Third, it future-proofs the property against climate risk. A resort that actively supports the biodiversity of its surrounding ecosystem is also more resilient to the climate disruptions that increasingly affect coastal luxury hospitality. So the Shangri-La Le Touessrok bees programme is fundamentally a property insurance strategy in disguise.
Fourth, it positions the property within regulatory tailwinds. ESG reporting requirements, biodiversity disclosure frameworks, and carbon accounting standards are all moving in the direction of rewarding hotels that can demonstrate measurable ecological contributions. So the early movers in pollinator-led luxury hospitality are also the properties most prepared for the regulatory environment of the next decade.
What the Shangri-La Le Touessrok bees signal for the future of luxury
Taken together, the Shangri-La Le Touessrok bees programme and the wider trend it represents suggest a fundamentally different shape for luxury hospitality over the next ten years. The properties that define the next decade of the category will be the properties whose biodiversity programmes are genuine, professionally managed, and operationally embedded into the daily experience.
This shift has practical implications for how luxury hospitality groups should think about new property investment, brand positioning, and capital allocation. The Indian Ocean luxury sector in particular is positioned to lead this transformation, because the region’s biodiversity is both globally significant and acutely threatened by climate change. So the resorts that invest in programmes like the Shangri-La Le Touessrok bees model now will own the editorial conversation, the regulatory advantage, and the affluent traveller’s loyalty for the next generation.
So, the next time you stay in a luxury resort and notice the gardens humming with bees, or hear the dawn chorus of birds reclaiming a coastline, or notice that the menu features ingredients harvested from the property’s own land, pay attention. The properties doing this work right are building the only luxury hospitality model that has a chance of surviving the next 50 years of climate change.
Read next: Case Study: How LVMH Gaïa and Parfums Christian Dior Are Pioneering Water Innovation in Luxury, because the same engineering rigour reshaping pollinator conservation is now reshaping how luxury manages its most precious shared resource.
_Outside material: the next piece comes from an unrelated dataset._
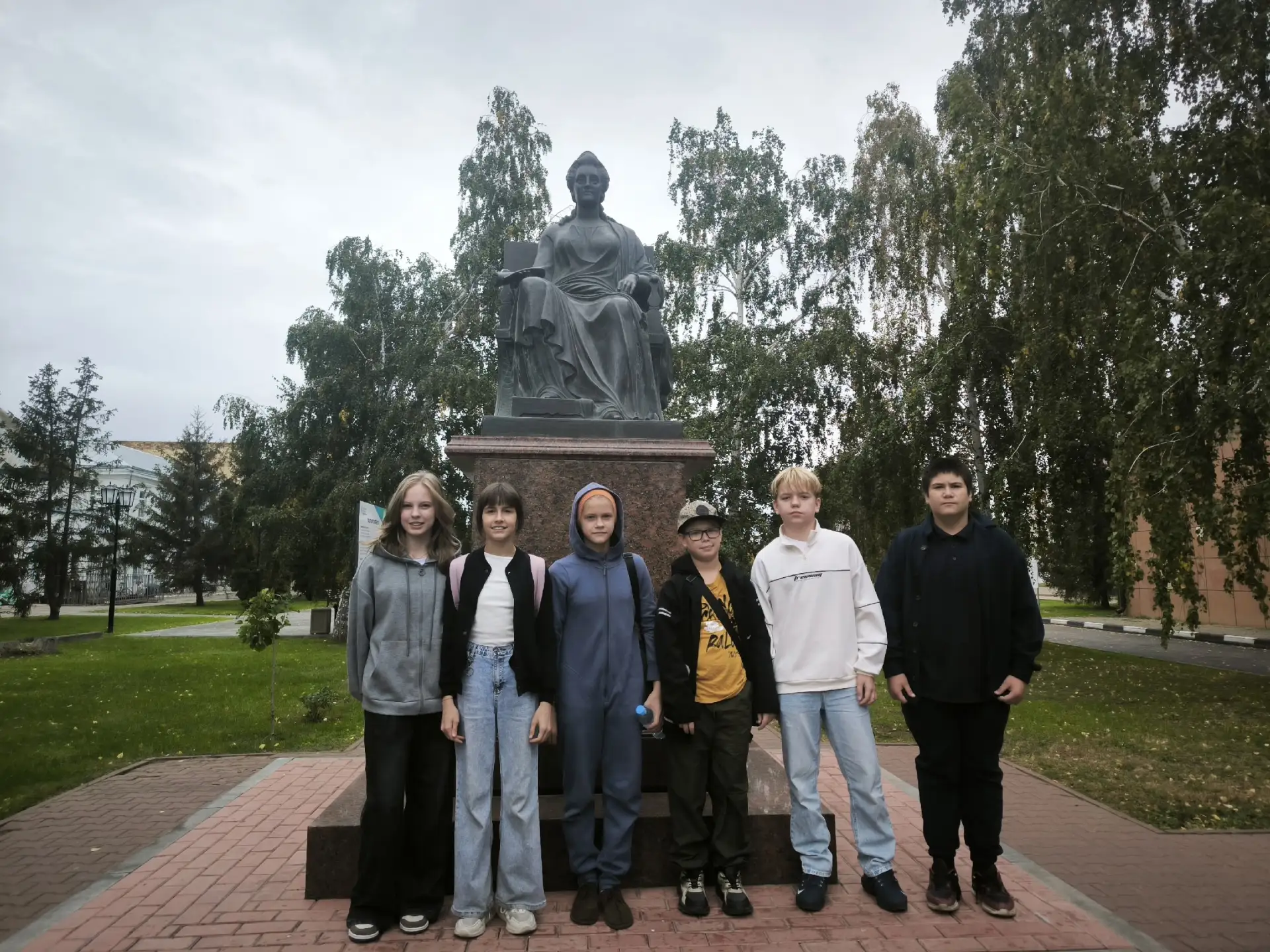 Учащиеся 5в, 6б,7б и 11а класса вернулись из увлекательной поездки в город Маркс, котор...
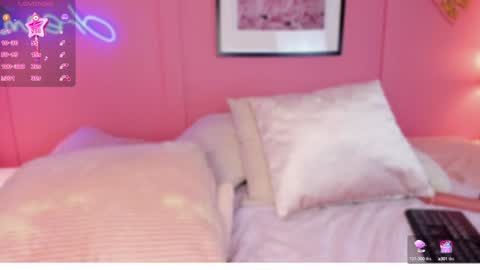 Snapshot of abbie_foxxx chatting on 01.10.25 abbie online show from 01.10.25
(Image source: shangrilamauritius/Instagram)
FAQ
What are the Shangri-La Le Touessrok bees?
The Shangri-La Le Touessrok bees are a managed apiary of over 700,000 bees across 16 hives at the Shangri-La Le Touessrok luxury resort on the east coast of Mauritius. The colonies are populated with a blend of Italian and Mauritian Apis Mellifera species, and they make the resort the first hotel in Mauritius to support more than half a million bees and the largest pollinator sanctuary within the country’s hospitality sector.
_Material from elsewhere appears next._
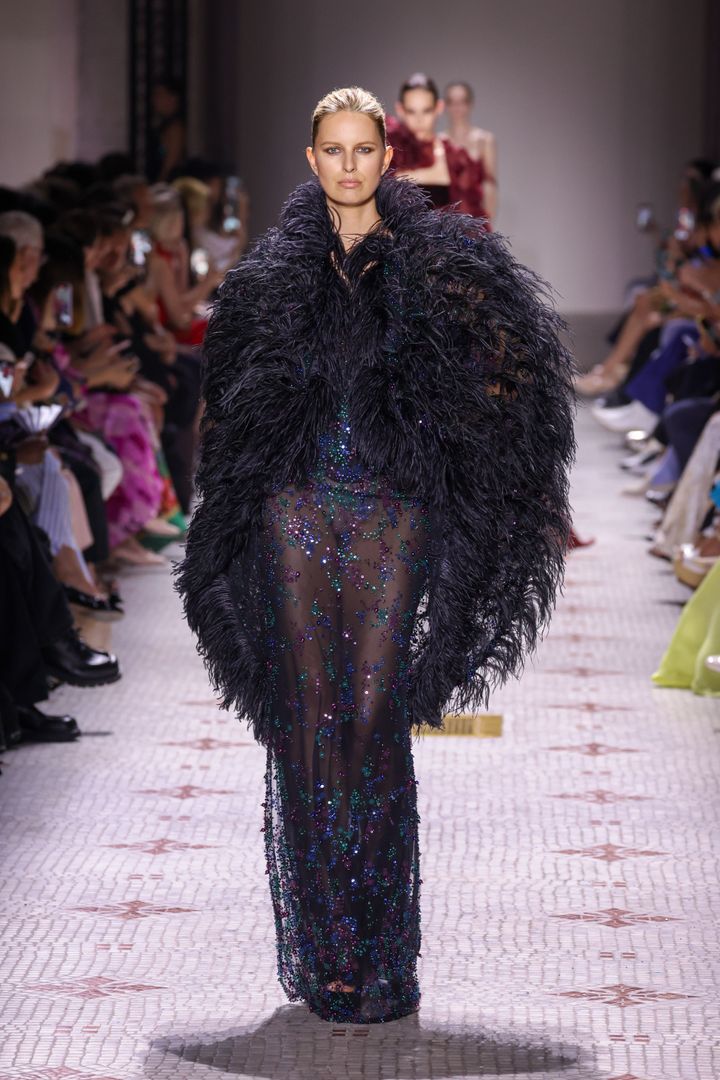パリで行われたエリー サーブ（ELIE SAAB）の2024/2025秋冬コレクションにて。Photo_ Peter White / Getty Images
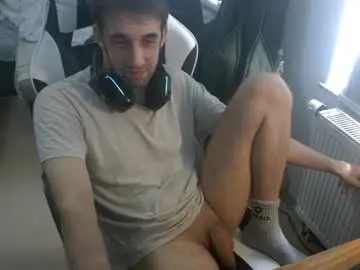 Chaturbate Nude Webcam of toohugeandstonedxoxo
Who manages the Shangri-La Le Touessrok bees?
The Shangri-La Le Touessrok bees are managed by two full-time professional beekeepers, Tony Myrtile and Etienne de Senneville. They oversee the daily care of the 16 hives, monitor colony health, and manage the pollination work the bees perform across the resort’s surrounding ecosystem and tropical gardens.
Why do the Shangri-La Le Touessrok bees matter for climate?
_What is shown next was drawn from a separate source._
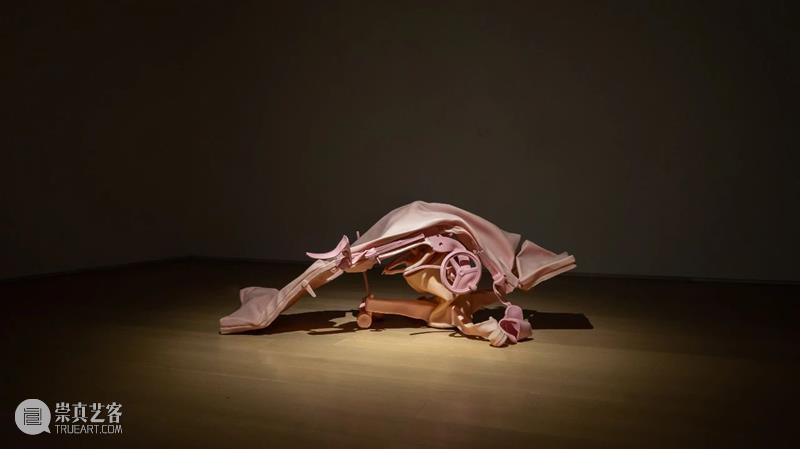 靳山 Jin Shan | 从政治走向心理的身体 | 昊美术馆访谈 视频资讯 MABSOCIETY 昊美术馆 身体 靳山 政治 心理 Jin Shan Channel 系列 艺术家 崇真艺客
The Shangri-La Le Touessrok bees matter because bee populations worldwide are facing one of the most serious collapses of any animal group in recorded history, driven by climate change, pesticide use, and habitat loss. Pollinators are responsible for around 75 percent of the world’s food crops and 35 percent of global food production. So managed apiaries on protected luxury hotel land are an increasingly meaningful contribution to global biodiversity resilience.